You can also call the ABC-part independently, without producing a gene-TF matrix, see Separate ABC.
Gene-TF-matrices¶
The gene-TF-matrices will always have the same format.
Pancake_TF_Gene_Affinities.txt.gz: Matrix of TF affinities summarised per gene, with the genes as rows and TFs as columns. It has three additional columns with the number of peaks considered for the gene, the average peak distance and the average peak size.
Pancake_discarded_Genes.txt: Lists all genes where no TF affinities could be calculated, with a note indicating why.
Output per activity column (-n)¶
You will get one set of output files for each activity column. The files will be named according to the header of those columns, or according to their index, if you didn’t have a header.

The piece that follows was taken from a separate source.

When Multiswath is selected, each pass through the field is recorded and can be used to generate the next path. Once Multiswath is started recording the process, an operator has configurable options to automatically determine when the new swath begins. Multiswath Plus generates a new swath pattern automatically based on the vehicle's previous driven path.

For example, if one of your activity columns was named sirup, your gene-TF matrix file would be Pancake_TF_Gene_Affinities_sirup.txt.gz.

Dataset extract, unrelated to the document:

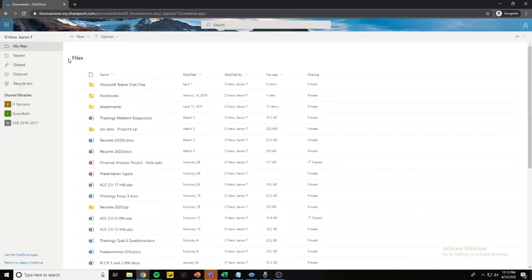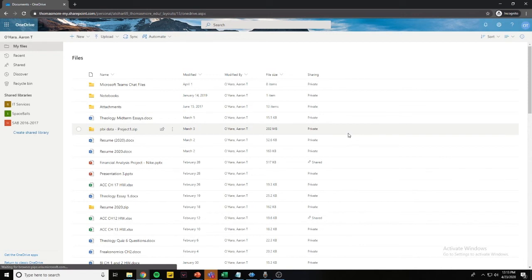You have successfully arrived to your OneDrive page. Here, you can access, upload, and save documents from anywhere. I like to think of OneDrive as an online USB stick.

Computational power and parallelisation¶
As you can imagine depending on the number of peaks, genes and activity columns, the calculations can get quite heavy on a computer’s memory. In general, unsurprisingly, it is advisable to run STARE on a computer cluster. We aimed to have STARE running efficiently, which also means that some parts can be run in parallel. Note however, that especially for the ABC-scoring part, more provided cores will also mean more required memory. The read-in of the chromatin contact data is by far the most time-consuming part, which is why we decided to have this in parallel. However, if there are more than 200 activity columns the memory required for multiple chromosomes is quite high, and thus, the parallelization switches from chromosomes to batches of genes. If you don’t have that much RAM available, set the number of cores to 1. It also depends on how sparse the contact data is. For example, reading chr1 of a K562 Hi-C data set requires ~1.2 GB, while it takes ~11.6 GB from the average Hi-C matrix from Fulco et al. (2019).